Я была холодна с близкими, не терпела родительских нежностей, приходила в бешенство от изъявлений сочувствия.
Так я жила до рождения сына. Ребенок высвободил мои сдавленные, годами спрессованные и утрамбованные эмоции. Наконец я смогла рассмеяться и расплакаться от души. Так я не смеялась и не плакала с десяти лет, с первого интерната. Я начала оттаивать.
Не могу, к сожалению, сказать, что преодолела свои комплексы и во взаимоотношениях со взрослыми. Потому-то, наверно, щедрая судьба послала мне детей. Сотни детей, с которыми я занималась и занимаюсь по сей день, раскупорили сотни каналов, связывающих меня с миром. Больнично-интернатский опыт здесь не только не мешает, но и помогает с пониманием относиться к моим подопечным.
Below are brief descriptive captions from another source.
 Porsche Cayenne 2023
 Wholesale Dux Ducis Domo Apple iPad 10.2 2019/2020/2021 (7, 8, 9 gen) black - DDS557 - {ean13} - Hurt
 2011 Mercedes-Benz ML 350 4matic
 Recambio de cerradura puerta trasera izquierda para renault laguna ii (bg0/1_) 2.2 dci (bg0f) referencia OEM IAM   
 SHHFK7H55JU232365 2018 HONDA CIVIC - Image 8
Но если бы это было лишь моим личным опытом, не стоило бы об этом распространяться. Увы, это опыт всего поколения, чья юность пала на шестидесятые годы. Мы были воспитаны на том, что жалость унижает человека, что человека надо любить, а не жалеть, забыв о том, что «жалость» в своем первоначальном смысле — синоним «любви». Мы были воспитаны на ироническом отношении к жизни, смеялись над карамзинской сентиментальностью. Нашим идеалом была культура подтекста, когда над поверхностью выступает лишь 1/8 айсберга, в то время как 7/8 его находится под водой.
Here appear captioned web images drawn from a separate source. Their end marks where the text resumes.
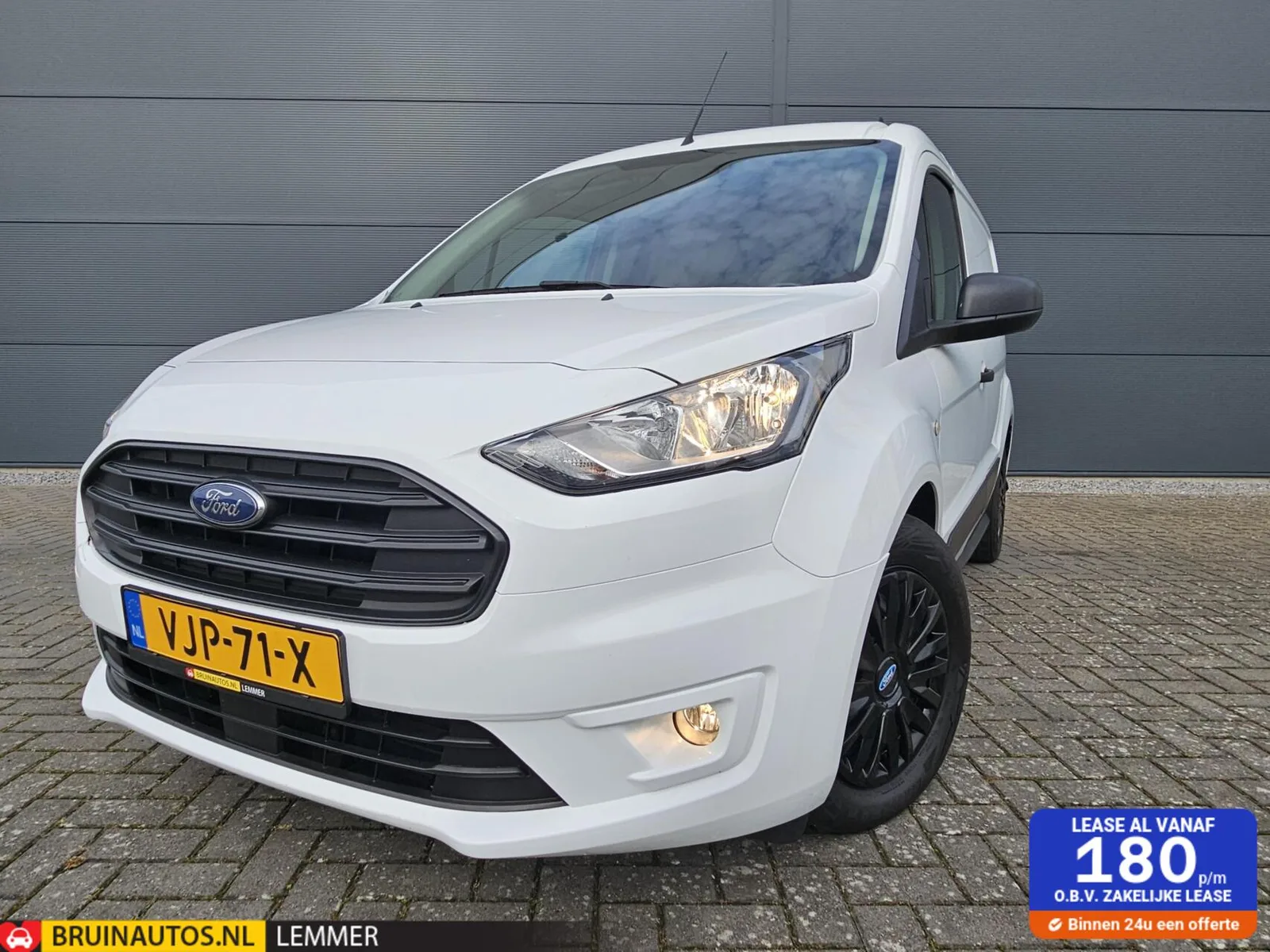 Ford Transit Connect (2021) — foto 1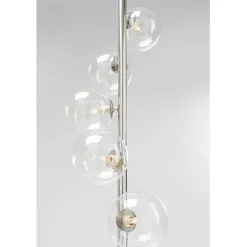 KARE Design Lampadaire Scal Balls chrome 160cm><noscript><img width=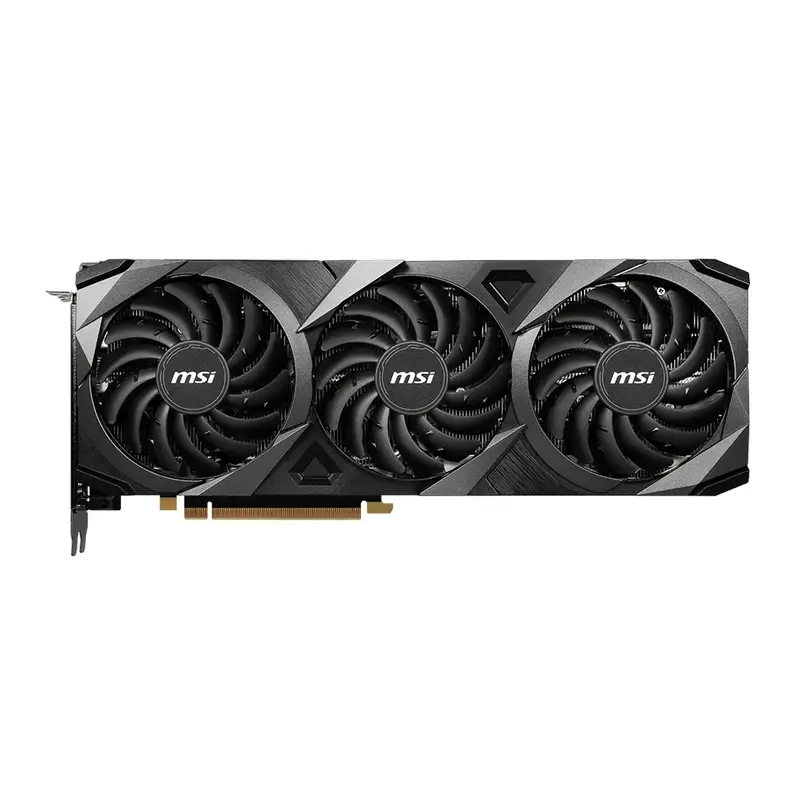 کارت گرافیک MSI GeForce RTX ۳۰۷۰ Ti VENTUS ۳X OC ۸GB GDDR۶X - تصویر محصول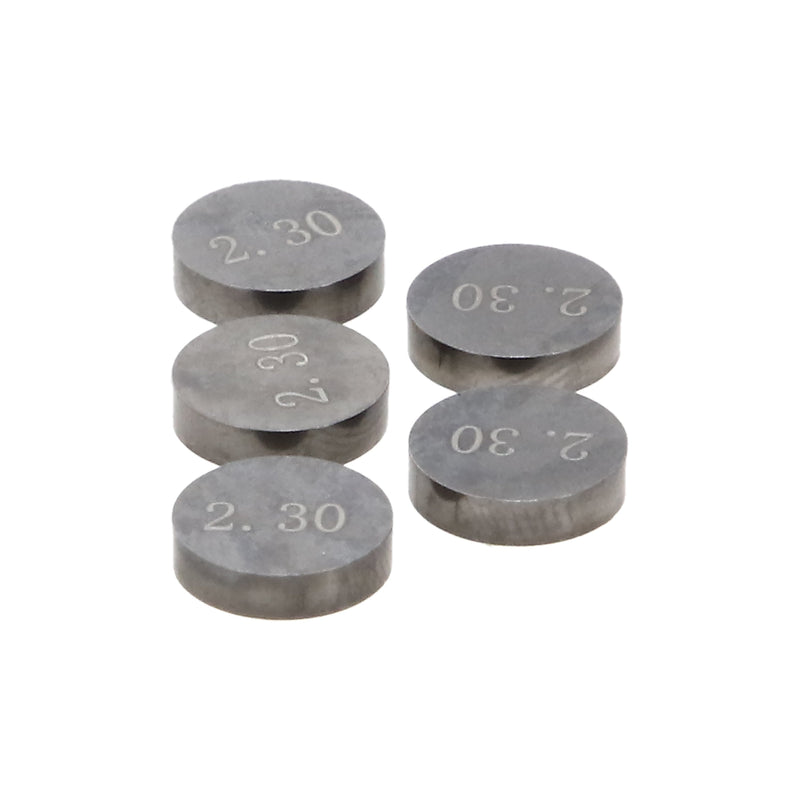 Wiseco 4 Stroke Valve Shim Valve Shim Refill Kit- 7.48 x 2.30mm (5) (W-VS7230)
Мы стыдились проявлять добрые чувства, но зато не стеснялись критиканствовать.
Большинство родителей детей, с которыми я занимаюсь, принадлежит к этому поколению. В силу самых разных обстоятельств они так и не смогли изжить этого комплекса, так и не научились смеяться, когда смешно, и грустить, когда грустно. Поэтому с родителями намного трудней, чем с детьми. Они не в силах преодолеть свою зажатость. Если у музыканта зажата рука, он не может играть, если у родителей зажата душа — они не могут нормально, свободно общаться со своим ребенком.
В ЛАТЫШСКОЙ СЕМЬЕ
Детей кормят отдельно. Я спрашиваю у Гиты, почему бы нам не сесть вместе и не покончить разом с этим делом.
Нет. Такой порядок. Дети не садятся за стол вместе со всеми. Зачем им участвовать во взрослых беседах? Кроме того, «мы будем есть разносолы, а детям дается только простая пища».
На столе стоят коричневые керамические миски с творогом, политым сметаной, а сверху посыпанным клубникой с черникой. Около каждой миски — большая керамическая кружка, до середины наполненная молоком. Предусмотрительно. Я наполняю чашку до краев, и Аня вечно обливается.